The Need for Lawful Access

FBI Asks Technology Companies for Support in Pursuing Child Abusers, Other Criminals

FBI Director Christopher Wray speaks during a summit on Lawful Access held October 4, 2019 at the Department of Justice in Washington, D.C.

FBI Director Christopher Wray discusses the importance of lawful access during an October 4, 2019 summit on the issue at the Department of Justice in Washington, D.C.

At a summit at the Department of Justice today, FBI Director Christopher Wray shared cases where the support of technology companies helped law enforcement rapidly identify and save children being sexually abused. He followed by asking for the renewed and ongoing support of the industry in investigations into child pornography, terrorism, and other crimes.

Many technology firms have or plan to implement user-controlled end-to-end encryptions that will thwart the ability of law enforcement, with a court-ordered warrant, to find and prosecute people who document and share evidence of their crimes with others online. This will also end the ability of technology companies to monitor and then alert authorities to illegal, criminal, and violent content shared through their sites.


When it comes to child pornography, this is not a matter of a few images. There is an ocean of horrific videos and photos being shared and commodified online. Technology companies reported 45 million of these images in 2018, according to a recent media analysis. The National Center for Missing & Exploited Children alone receives 18 million referrals a year.

Each image documents an act of violence against a child—some of them younger than 2 years old. Take a moment to consider what that number of images means for the children in your community, the child in your home.

“If we don’t take action and do something soon to address the lawful access problem,” said Wray, “it will be too late, and we’ll lose the ability to find those kids who need to be rescued. We’re going to lose the ability to find the bad guys who need to be arrested and stopped. And we’re going to lose the ability to keep the most vulnerable people we serve safe from harm. We just cannot let that happen.”

“We all want safe, secure, private data, but we also want safe and secure communities. And we can have both.”

FBI Director Christopher Wray

Wray stressed that the goal of what must be an ongoing, joint conversation is not to demonize the technology companies who provide a valuable service and owe their users the assurance of privacy and security.

“We all want safe, secure, private data, but we also want safe and secure communities,” said Wray. “And we can have both. I really do believe that.”
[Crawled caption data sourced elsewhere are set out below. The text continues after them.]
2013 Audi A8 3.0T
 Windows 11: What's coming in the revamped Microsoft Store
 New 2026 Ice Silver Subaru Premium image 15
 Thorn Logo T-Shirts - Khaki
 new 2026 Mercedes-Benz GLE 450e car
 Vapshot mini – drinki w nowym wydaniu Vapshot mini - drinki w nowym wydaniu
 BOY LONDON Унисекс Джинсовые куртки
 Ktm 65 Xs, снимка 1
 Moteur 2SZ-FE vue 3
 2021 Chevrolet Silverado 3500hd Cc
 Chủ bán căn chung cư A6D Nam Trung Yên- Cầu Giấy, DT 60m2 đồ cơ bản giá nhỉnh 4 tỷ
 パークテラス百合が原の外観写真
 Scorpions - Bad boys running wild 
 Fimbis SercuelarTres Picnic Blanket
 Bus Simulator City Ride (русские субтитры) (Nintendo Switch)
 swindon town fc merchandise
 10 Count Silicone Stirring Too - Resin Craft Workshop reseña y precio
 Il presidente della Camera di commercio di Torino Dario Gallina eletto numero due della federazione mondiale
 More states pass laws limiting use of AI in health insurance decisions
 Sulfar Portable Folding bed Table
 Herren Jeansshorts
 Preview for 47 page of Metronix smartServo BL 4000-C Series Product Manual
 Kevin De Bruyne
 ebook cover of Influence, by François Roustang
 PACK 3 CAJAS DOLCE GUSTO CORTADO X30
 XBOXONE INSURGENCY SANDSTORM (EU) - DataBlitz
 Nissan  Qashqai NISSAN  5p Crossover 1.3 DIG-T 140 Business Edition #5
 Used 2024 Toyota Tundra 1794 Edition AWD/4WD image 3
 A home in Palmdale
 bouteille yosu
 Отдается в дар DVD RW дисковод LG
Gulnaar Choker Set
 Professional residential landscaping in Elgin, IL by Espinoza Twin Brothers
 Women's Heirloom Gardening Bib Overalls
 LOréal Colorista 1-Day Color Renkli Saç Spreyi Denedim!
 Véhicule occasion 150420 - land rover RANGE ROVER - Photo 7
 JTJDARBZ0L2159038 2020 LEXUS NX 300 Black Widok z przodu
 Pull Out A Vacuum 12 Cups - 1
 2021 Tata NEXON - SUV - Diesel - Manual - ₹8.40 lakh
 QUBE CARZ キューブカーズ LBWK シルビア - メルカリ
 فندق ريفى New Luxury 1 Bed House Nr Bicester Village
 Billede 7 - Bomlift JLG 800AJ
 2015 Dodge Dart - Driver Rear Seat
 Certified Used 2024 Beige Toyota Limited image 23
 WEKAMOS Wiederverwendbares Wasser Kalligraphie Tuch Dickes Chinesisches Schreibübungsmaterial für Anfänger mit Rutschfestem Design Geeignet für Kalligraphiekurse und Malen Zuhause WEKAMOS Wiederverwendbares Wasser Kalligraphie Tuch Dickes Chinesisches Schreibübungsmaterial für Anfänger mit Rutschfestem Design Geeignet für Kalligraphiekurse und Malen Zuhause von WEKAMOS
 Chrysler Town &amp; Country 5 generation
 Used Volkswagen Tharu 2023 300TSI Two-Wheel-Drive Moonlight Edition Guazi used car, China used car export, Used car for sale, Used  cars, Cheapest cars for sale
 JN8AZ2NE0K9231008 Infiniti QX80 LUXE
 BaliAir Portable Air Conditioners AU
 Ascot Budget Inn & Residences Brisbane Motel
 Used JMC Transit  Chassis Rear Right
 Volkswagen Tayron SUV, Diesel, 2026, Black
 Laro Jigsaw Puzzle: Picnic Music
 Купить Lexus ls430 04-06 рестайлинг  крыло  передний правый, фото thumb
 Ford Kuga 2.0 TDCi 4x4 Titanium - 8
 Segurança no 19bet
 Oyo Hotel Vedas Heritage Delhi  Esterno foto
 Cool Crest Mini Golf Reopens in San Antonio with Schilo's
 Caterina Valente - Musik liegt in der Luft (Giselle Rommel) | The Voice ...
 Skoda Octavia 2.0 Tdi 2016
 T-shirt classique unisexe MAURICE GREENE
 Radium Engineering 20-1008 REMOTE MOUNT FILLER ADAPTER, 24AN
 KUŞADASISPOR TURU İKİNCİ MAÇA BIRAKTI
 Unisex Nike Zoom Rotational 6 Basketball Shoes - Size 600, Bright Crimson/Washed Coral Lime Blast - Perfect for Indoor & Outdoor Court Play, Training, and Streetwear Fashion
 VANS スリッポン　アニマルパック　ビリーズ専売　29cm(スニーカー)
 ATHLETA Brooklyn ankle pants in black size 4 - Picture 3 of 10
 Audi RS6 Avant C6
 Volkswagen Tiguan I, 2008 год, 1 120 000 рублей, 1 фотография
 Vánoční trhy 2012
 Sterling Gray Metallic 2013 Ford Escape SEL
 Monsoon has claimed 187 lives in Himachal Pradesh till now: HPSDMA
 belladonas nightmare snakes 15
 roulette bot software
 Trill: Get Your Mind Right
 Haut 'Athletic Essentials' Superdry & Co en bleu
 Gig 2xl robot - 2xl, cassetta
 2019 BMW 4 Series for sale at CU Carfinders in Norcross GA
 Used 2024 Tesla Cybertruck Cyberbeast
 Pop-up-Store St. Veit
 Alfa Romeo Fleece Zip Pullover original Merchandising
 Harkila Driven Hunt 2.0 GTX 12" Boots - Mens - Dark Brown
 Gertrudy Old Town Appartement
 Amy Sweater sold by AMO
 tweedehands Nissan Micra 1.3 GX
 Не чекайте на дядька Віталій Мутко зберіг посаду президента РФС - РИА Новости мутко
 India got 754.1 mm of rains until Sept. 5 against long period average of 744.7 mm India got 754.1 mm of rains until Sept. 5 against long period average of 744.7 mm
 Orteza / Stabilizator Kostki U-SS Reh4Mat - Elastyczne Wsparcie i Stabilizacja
Steven Grocki, chief of the Department of Justice’s Child Exploitation and Obscenity Section, detailed how child predators use these online sites not only to share images and tips to avoid detection but to make the most deviant, violent behavior seem normal.

“We demand safety for our children in the physical world,” said Grocki as he showed an image of playground with rubberized safety mats. We don’t, however, bring the same standard to the digital world.

The FBI joins the law enforcement community in asking technology companies to envision a path to progress that encompasses the safety and well-being of children and communities.

“We’ve put some of the brightest minds in the country on the issue,” said Wray. “We’ve learned that it can, responsibly, be done.”